Rowing hopes to dethrone UVa as ACC champs

Hard work has become a mantra for the women's rowing team. Like distance runners, rowers often focus less on skill work and more on sheer grunt work, spending hour after hour on urging machines.

As head coach Robyn Horner explained, Duke crew can be a tedious day-to-day training existence.

"We spend time obviously to get their timing together and balance, and all that, and that's an important aspect of [rowing]," she said. "But as we've gotten stronger kids and increased their physiology and their physical levels are performance has gotten a lot better."

This upcoming spring season, however, could very well yield exciting accomplishments. Since its inception less than five years ago, every ACC Championship race has been won by Virginia.
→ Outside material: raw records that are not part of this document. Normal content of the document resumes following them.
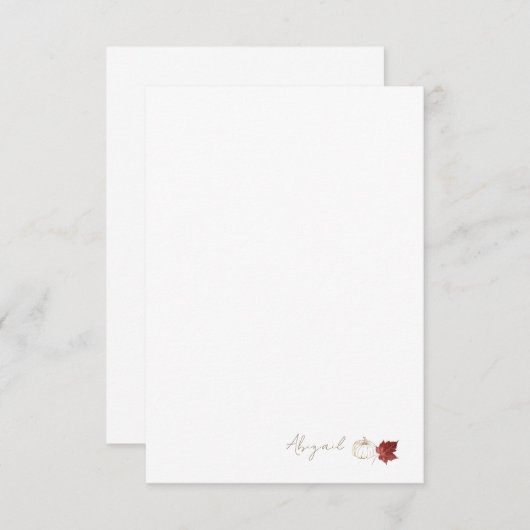 Aangepaste Herfst pompoen Bedankkaart (Voorkant / Achterkant)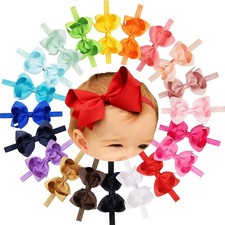 Baby Girls Headbands Grosgrain Ribbon 4.5" Hair Bows Headband Big Bow Hair Ba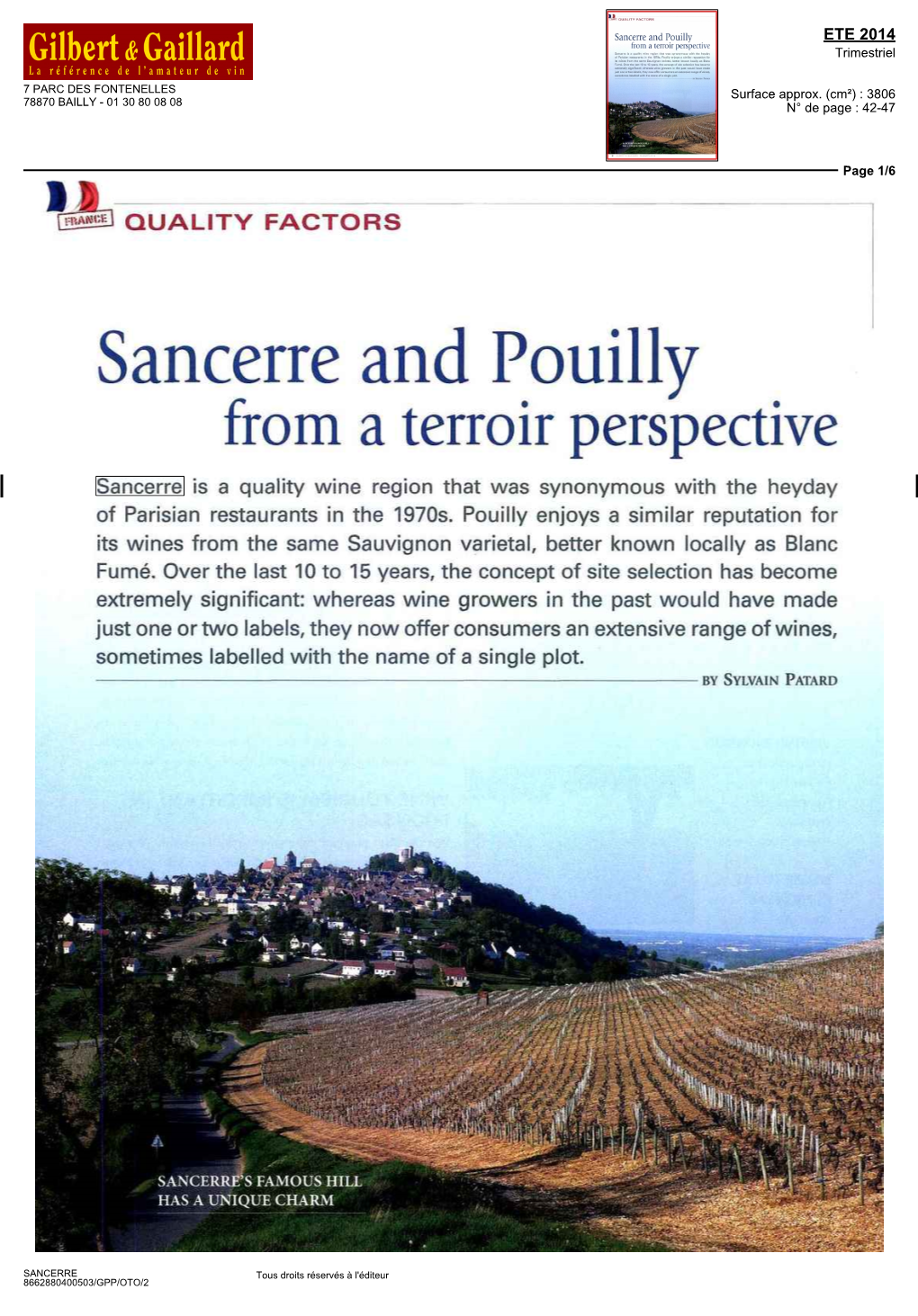 Sancerre and Pouilly from a Terroir Perspective Sancerre Is a Quality Wine Region That Was Synonymous with the Heyday of Parisian Restaurants in the 1970S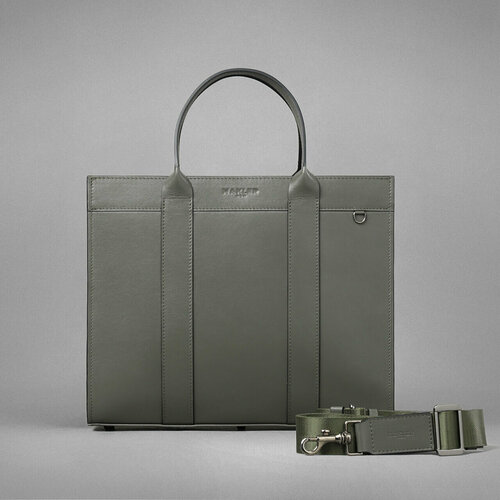 Сумка тоут MAKLER, фактура гладкая, оливковый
Last year Duke finished second, and with stagnation being a hated concept amongst athletes so dedicated to continually shaving off seconds, upcoming expectations are large.

"This is the first year that we've had a whole senior class," Horner said. "They finally have the experience they need and are ready to go.... Last year we finished second in the ACC Championships and this year we're really going to try to go after Virginia."

What makes the experience element so important is that it ushers in a new era of athleticism for the Blue Devils. While crew's daily training sessions often burn out many walk-ons that comprise its 43-member roster, the handful of full-time recruits that have joined the team each of the past four seasons fully accept rowing's physical and mental commitment.

With less burnout, Horner and her staff worry less about attrition of their side and more about what the team can accomplish, particularly the varsity-eight boat.

"As we've gotten better each year, at lot of that has to do with us being able to recruit better [athletes]," Horner said. "Our first class was 10 kids, but then as you add eight more kids here and five more there, it just makes a big difference in performance level."

As team prepares to dip its oars into the water for the first time in competition this weekend, Horner and her staff will begin to examine the shape of this year's Blue Devil squad, particularly its cohesive racing ability.

Although many might not appreciate its subtleties, live racing is much more skill intensive than simply taking a machine into the lake and rowing for a set amount of time. The starts of races, the periodical sprint dashes and especially the techniques used to maximize speed with every stroke become much larger issues as the season begins.

Horner said that she constructed the 2003 schedule to accommodate this learning process. The Blue Devils open up against lighter competition before facing four top-20 sides in a row during the end of spring.

"What we are doing as the season progresses is fine-tuning our racing skills," Horner said. "How we get off the starting line, setting up strategy for the race--the further competition levels get the more you try to focus in on those aspects of the race to try to pick up speed."